Comme les pataphysiciens, les Agathopèdes avaient leur calendrier spécifique, dont les mois portaient des noms plus ou moins en relation avec le cochon (boudinal, jambonose, truffose..) ou en rapport avec la gastronomie en général (canardinal, petitpoisidor, cerisidor...) Le peintre Félicien Rops, dont le moins qu'on puisse dire est qu'il officiait dans un genre fort différent de celui de Félix Bovie, faisait également partie de la société. Sur le portrait-charge qu'il a réalisé de son ami dans la revue Uylenspiegel, (illustration ci-dessus, cliquer pour agrandir) on peut lire en haut à gauche, sous un petit dessin de cochon, les mots Éloge du Cochon : c'est le titre d'une chanson écrite par Félix Bovie, certainement chantée lors des banquets agathopédiques. La voici in extenso :
Ab Jove principium(classiques latins)Asinus asinum frégate [sic](les Métamorphoses d’Ovide)
Air d’Aristide, ou de la Bonne vieille (Béranger)
Monsieur Buffon (que le Seigneur confonde !)
Osa nous dire, à l’article Cochon,
Que notre frère est une bête immonde,
Et qu’à la rose, il préfère l’étron.
Le malotru qui lança cette injure
Se doutait-il quand il la débita,
Que tous les goûts sont dans notre nature,
Et le meilleur est celui que l’on a (bis).
Vous me direz : il est couvert de crasse
Il pue au loin, son groin nous fait horreur.
Oui, j’en conviens, on n’aime pas sa face ;
Mais le visage est parfois bien trompeur !
Si le fumier est son seul patrimoine,
S’il est couvert d’un limon dégoûtant,
Le cœur est bon : — l’habit fait-il le moine ?
Riches brocarts couvrent plus d’un croquant.
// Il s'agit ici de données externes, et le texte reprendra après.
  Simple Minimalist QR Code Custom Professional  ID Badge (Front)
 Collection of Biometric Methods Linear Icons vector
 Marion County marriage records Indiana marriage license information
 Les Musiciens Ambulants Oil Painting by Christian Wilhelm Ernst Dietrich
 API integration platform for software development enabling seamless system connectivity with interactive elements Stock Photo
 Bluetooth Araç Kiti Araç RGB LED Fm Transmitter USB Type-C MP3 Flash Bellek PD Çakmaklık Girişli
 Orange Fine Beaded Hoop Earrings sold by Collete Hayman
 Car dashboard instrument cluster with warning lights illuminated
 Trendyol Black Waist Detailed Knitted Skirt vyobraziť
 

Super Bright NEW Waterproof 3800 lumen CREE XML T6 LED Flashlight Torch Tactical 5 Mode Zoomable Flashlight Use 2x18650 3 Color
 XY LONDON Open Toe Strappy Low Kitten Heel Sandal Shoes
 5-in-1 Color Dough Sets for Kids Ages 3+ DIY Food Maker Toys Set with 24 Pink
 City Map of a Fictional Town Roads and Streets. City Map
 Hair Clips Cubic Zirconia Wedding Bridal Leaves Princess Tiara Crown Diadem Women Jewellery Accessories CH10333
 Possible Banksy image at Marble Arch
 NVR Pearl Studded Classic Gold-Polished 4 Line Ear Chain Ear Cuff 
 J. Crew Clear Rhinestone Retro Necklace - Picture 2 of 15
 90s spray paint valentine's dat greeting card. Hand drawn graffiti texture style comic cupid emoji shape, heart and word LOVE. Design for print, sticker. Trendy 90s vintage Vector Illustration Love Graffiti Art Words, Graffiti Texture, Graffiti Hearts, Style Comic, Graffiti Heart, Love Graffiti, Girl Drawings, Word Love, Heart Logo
On l’accusa d’avoir des goûts lubriques,
Dont le récit fait dresser les cheveux ;
De dédaigner les amours platoniques,
Et de boucher des trous incestueux,
Je ne veux pas en faire une rosière,
Un concurrent pour le prix Monthyon !
Mais qui de vous peut lui jeter la pierre
Et lui donner sa malédiction ?
Vieux débauchés, dont la force expirante
Ne répond plus à vos constants efforts,
Vous lui devez la truffe succulente
Qui vient donner du nerf à vos ressorts.
Et vous traitez de goinfre et de vorace
Le doux ami, rognant sur sa portion ;
Vous l’abaissez, et ce faible bonasse
Rêve toujours à votre érection.
Puis ce Cochon, qu’ici bas on décrie,
Sait-il ramper comme un vil courtisan ?
Renia-t-il ses amis, sa patrie,
Pour obtenir un pouce de ruban ?
Sots potentats, idoles qu’on encense,
Se gorge-t-il de vos mets savoureux ?
Fier plébéien, il fuit la dépendance,
Et peut braver vos regards dédaigneux.
Un philanthrope exploitant la misère,
Un séducteur trompant un faible enfant,
Un vil cafard qui souille un presbytère,
Sont plus cochons que ce pauvre innocent.
Mais pour couvrir leur sale turpitude,
Son nom servit de manteau, de plastron ;
Et depuis lors ils ont, par habitude,
Crié : — Haro ! haro ! sur le Cochon.
Voilà qui nous entraîne bien loin des couchers de soleil romantiques sur les châteaux en ruine du Hainaut ! Il paraît donc plus opportun, en conclusion, de choisir pour illustrer cette chanson, le célèbre tableau de Félicien Rops dit La Dame au cochon - Pornokrates
E.C. mars 2015
Un régal! Dans le cochon, tout est bon. D'ailleurs, dans tout cochon, n'y a t'il pas un homme qui sommeille?